Are exit strategies defined, anyway? - Some reflections on Business Continuity

Ansgar Toscha
8 december 2015

Business Continuity Planning (BCP) and Management (BCM) are key when it comes to preparing for both known and unknown threats that have the potential to bring down critical parts of the business. Business critical areas could be IT-systems, employees with unique skills, key production sites, single source suppliers, IPR's or others and may - depending on the industry - span over one or a number of different parts of the business. Accordingly, analyses made (Business Impact Analysis, BIA) need to be comprehensive and structured to certainly identify the most critical areas that need to be covered by BCP and BCM.

The related ISO standards from 2012 define Business Continuity (ISO 22301 and ISO 22313) define as the "capability of the organization to continue delivery of products or services at acceptable predefined levels following a disruptive incident" and give guidance on how to define, implement and continuously improve Business Continuity according to the Plan-Do-Check-Act-model.

Operational vs. strategic mitigation

Experience shows that the challenge for setting up an appropriate BCP is in many cases not the identification of critical business areas itself which is often discussed as a purely operational matter, but rather defining the right level of risk mitigation to prevent severe consequences of a disruptive event which at the end of the day often ends up in strategic discussions, which in turn makes the discussion more complex.

An example; a production site producing unique parts in a possibly politically unstable country might make sense from a labor cost and tax perspective but in the mid or long-term might expose the group to a higher level of risk of delivery problems due to e.g. social unrest, capital repatriation problems, sudden customs restrictions, or a natural disaster. Hence, to discuss BCP in terms of fences, sprinklers and firewalls to protect the operational functionality of the site is in this case not enough because even when the site might still be able to operate, it might become impossible to get the products out of the country. This adds a strategic dimension to the discussion and requires a plan B or even an Exit-strategy as a part of a full-scale BCP.

But is the organization really prepared for painful strategic (exit) decisions?

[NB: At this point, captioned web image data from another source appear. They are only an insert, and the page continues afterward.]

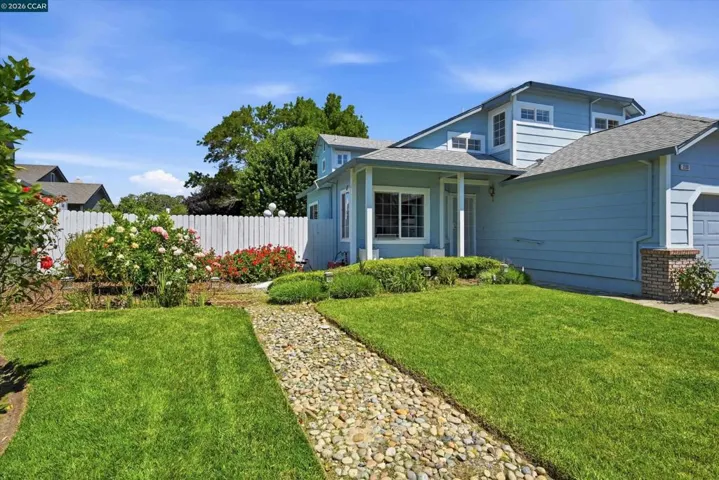 233 Belfiore Lane, Windsor, California 95492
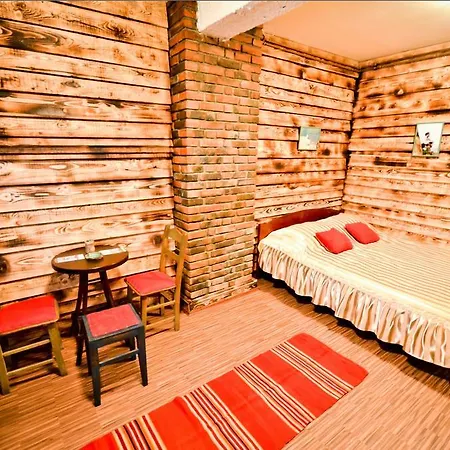 Etno Village Suncana Reka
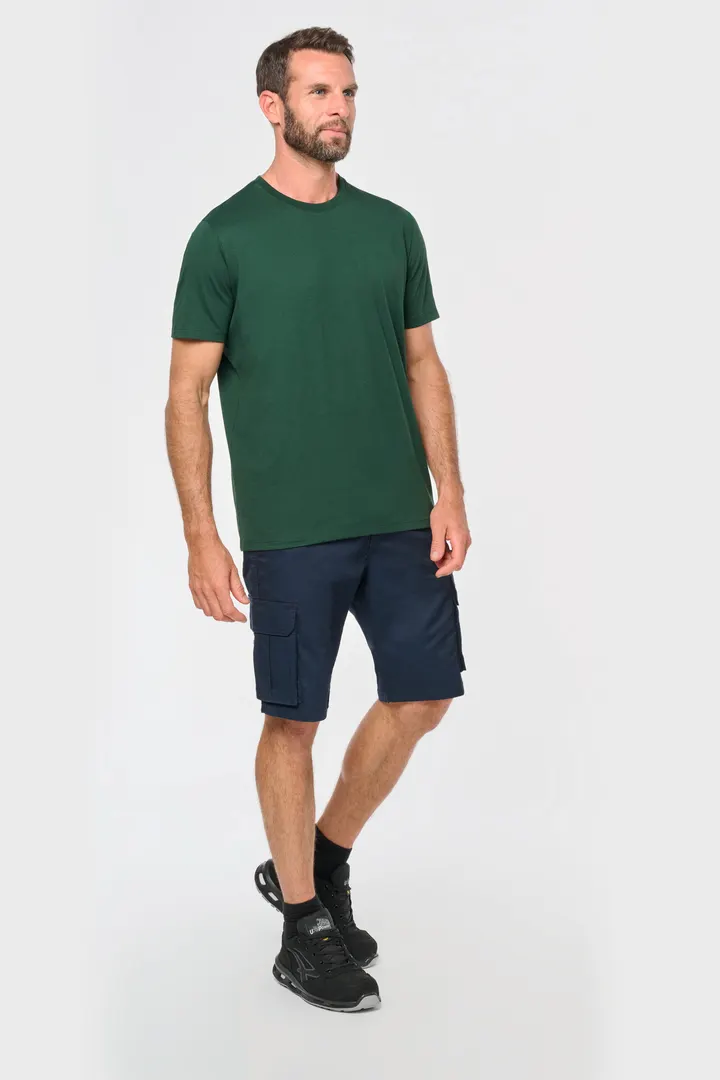 T-Shirt mit antibakterieller Behandlung für Herren 25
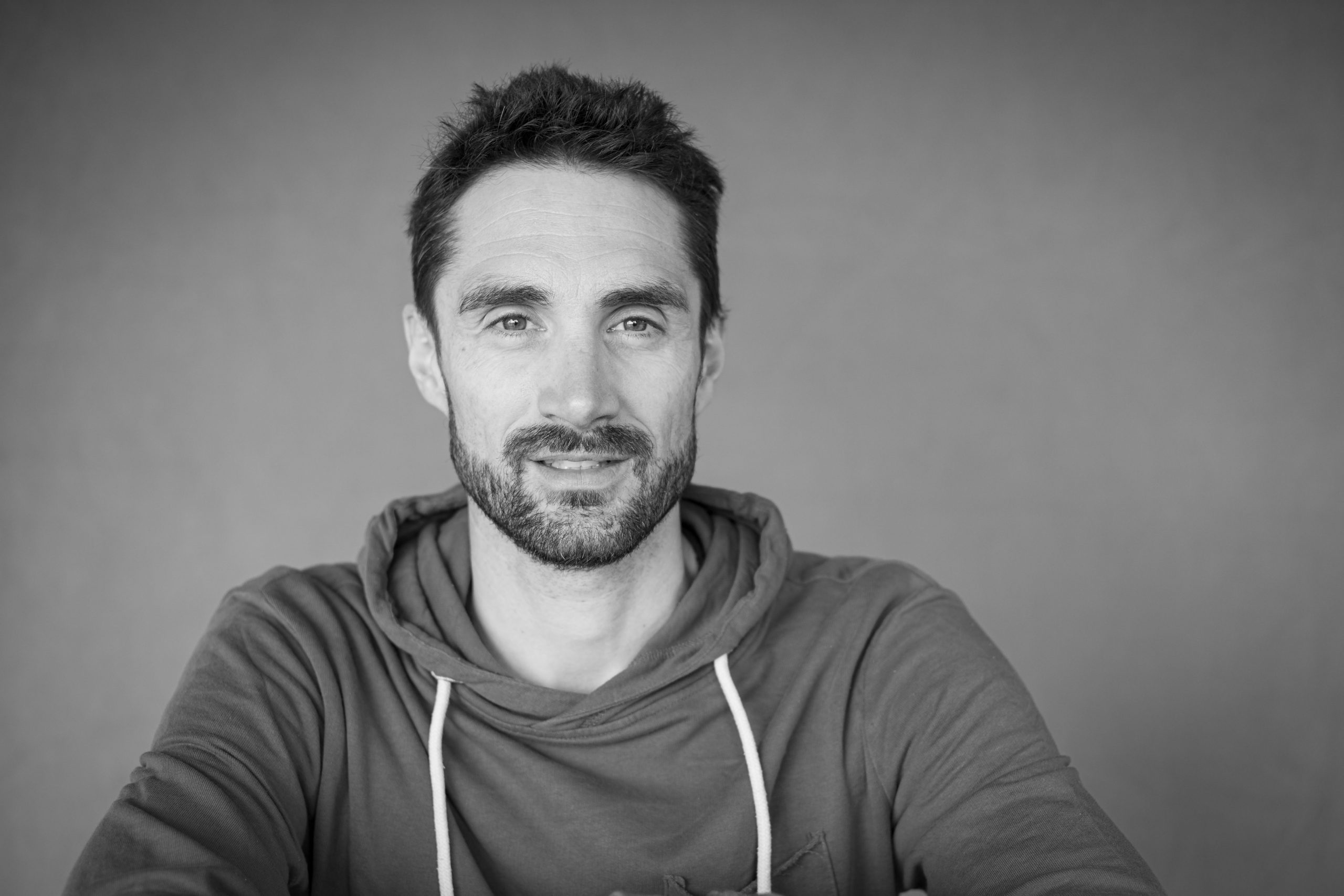 Eric Wahl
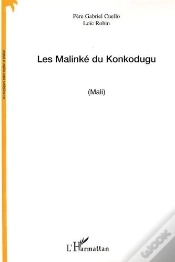 Capa do artigo Les Malinké Du Konkodugu (Mali)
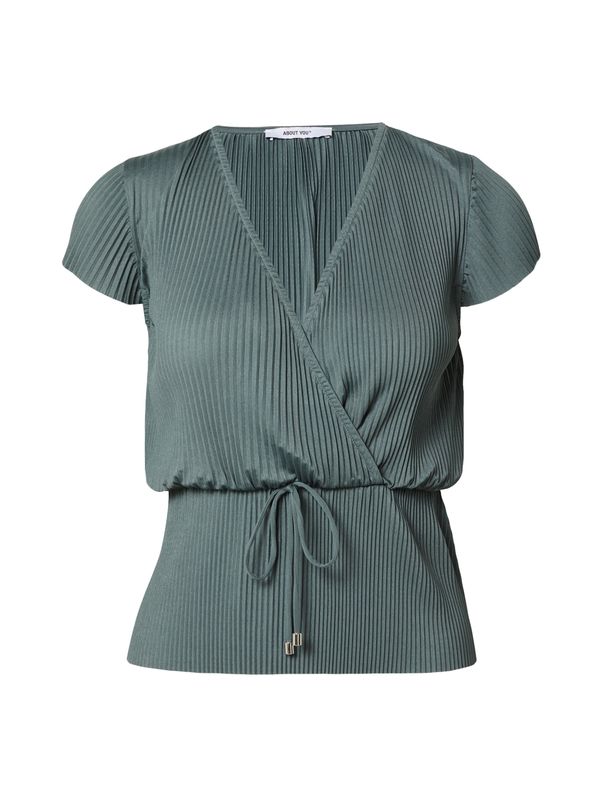 ABOUT YOU ABOUT YOU Тениска 'Elonie'  мента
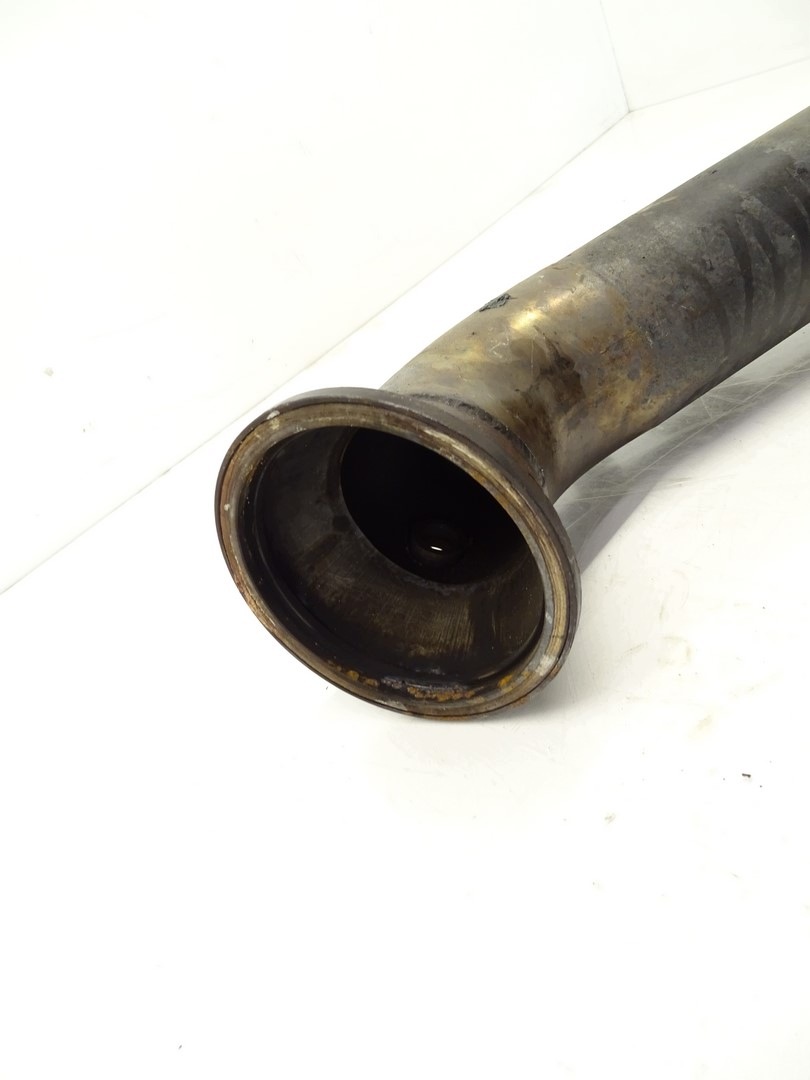 DOWNPIPE DECAT BMW F20 F21 M135 N55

Are Exit-strategies defined, anyway?

From my view, Exit-strategies are often not seriously enough discussed and thought through as it would be necessary when it comes to investment decisions concerning manufacturing or supplier footprints, among other. That phenomenon indicates weaknesses in organizations' capability to set up and analyse worst case scenarios, both from a short and long-term perspective. Or simply, the scenario is clear, but the management is not willing nor has the time to discuss the worst case to its ultimate possible consequence.

But why is that?

Do YOU want to be the party-killer?

Let's stick to the example above. Making strategic footprint decisions are in most cases built on a business case that is the result of structured investment processes and ROI or NVA calculations. One-off disruptive incidents that some day may make all calculations obsolete though may pop up in the discussions but are often considered as low-likelihood events and therefore not worth to discuss in detail. So, why being the party-killer bringing up scenarios that hardly will occur? In these cases, perceived opportunities dominate the discussion towards decision making.

Negative vibes may be suppressed but management forgets that even low-likelihood events may hit you tomorrow.

Exit-strategies are an opportunity by itself

The world is full of examples where exits were done too late, or not at all, which in turn led to even worse disasters. Following ongoing discussions about disaster recovery, managing unknown risk like black and grey swans, it's time that mananagement teams get better in setting up and analyzing worst case scenarios. This includes that low-likelihood events are taken more seriously. This is an important condition that Business Continuity Plans deserve their name, and develop their full potential for the benefit of the business.